### Data records
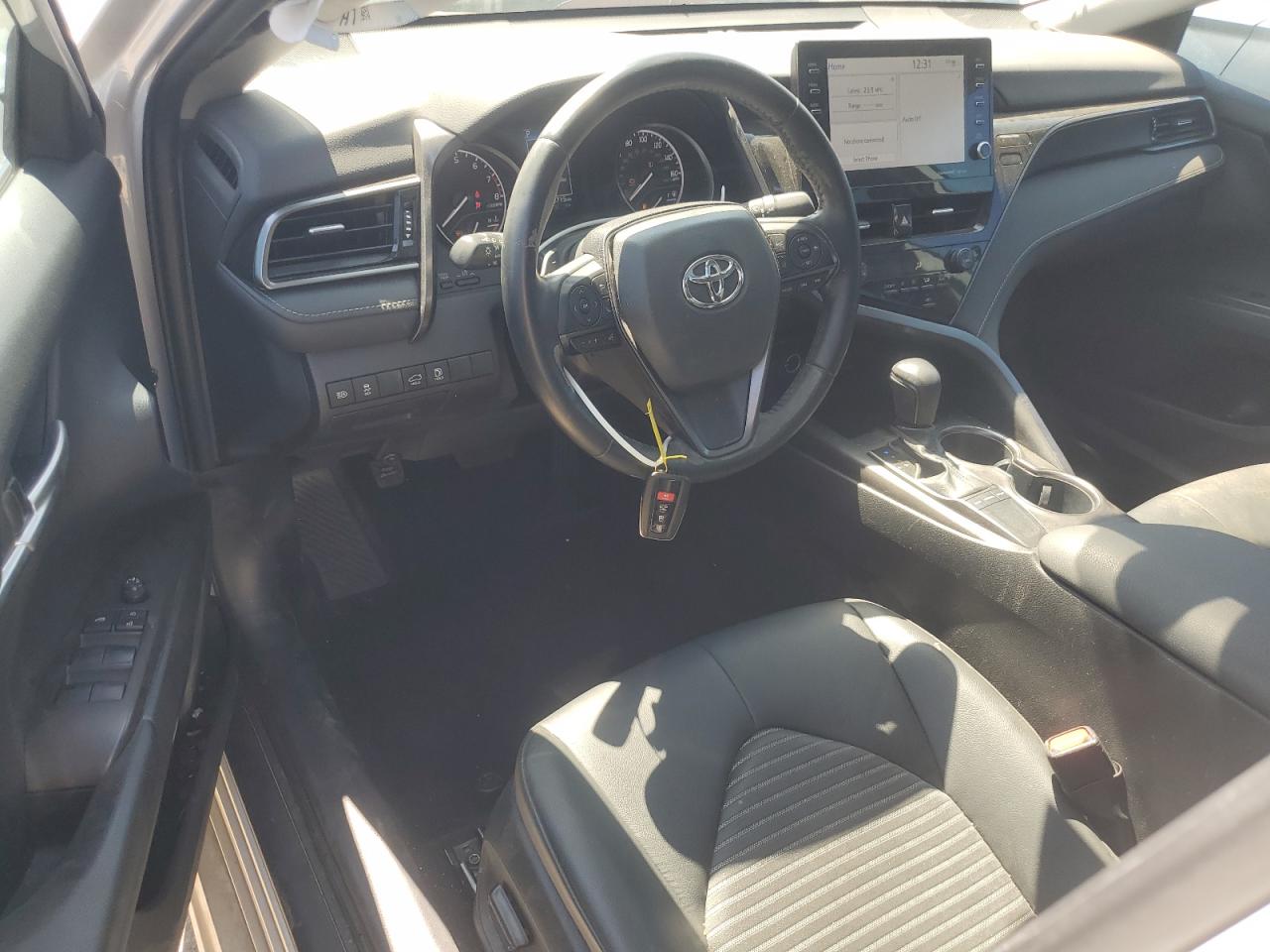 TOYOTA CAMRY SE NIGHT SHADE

==

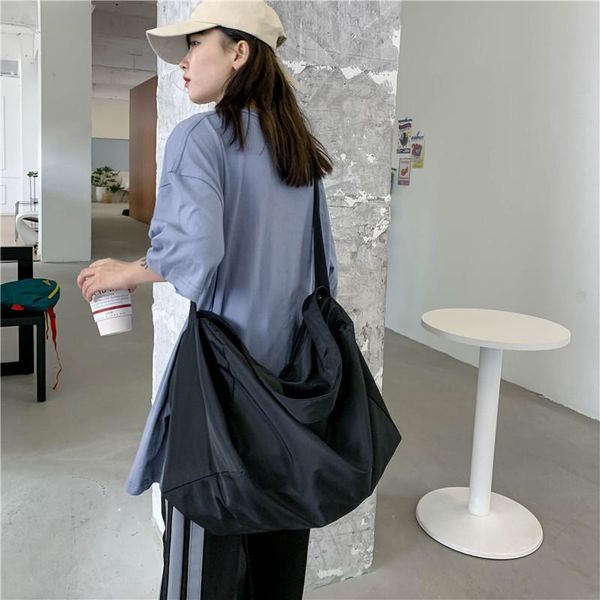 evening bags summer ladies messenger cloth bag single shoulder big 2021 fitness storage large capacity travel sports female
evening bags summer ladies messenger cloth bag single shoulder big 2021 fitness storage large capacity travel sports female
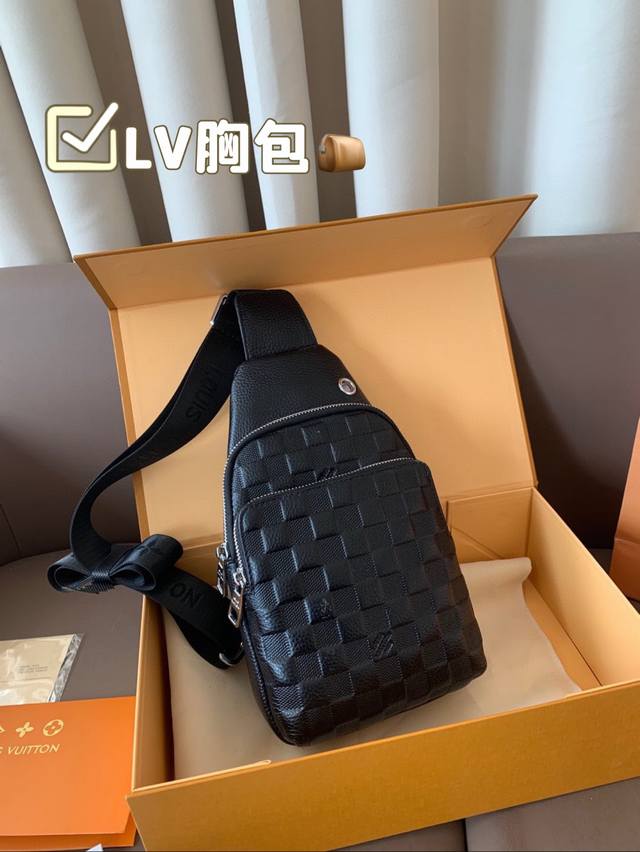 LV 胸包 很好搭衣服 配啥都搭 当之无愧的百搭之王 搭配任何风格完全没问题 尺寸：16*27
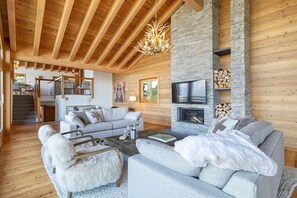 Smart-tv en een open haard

### What the task asks
Having found the line with "LV 胸包 很好搭衣服" and the line with "Smart-tv en een open haard" in the material above, write out exactly those two and every line between, leaving the pictures out.

### Answer space
 LV 胸包 很好搭衣服 配啥都搭 当之无愧的百搭之王 搭配任何风格完全没问题 尺寸：16*27
 Smart-tv en een open haard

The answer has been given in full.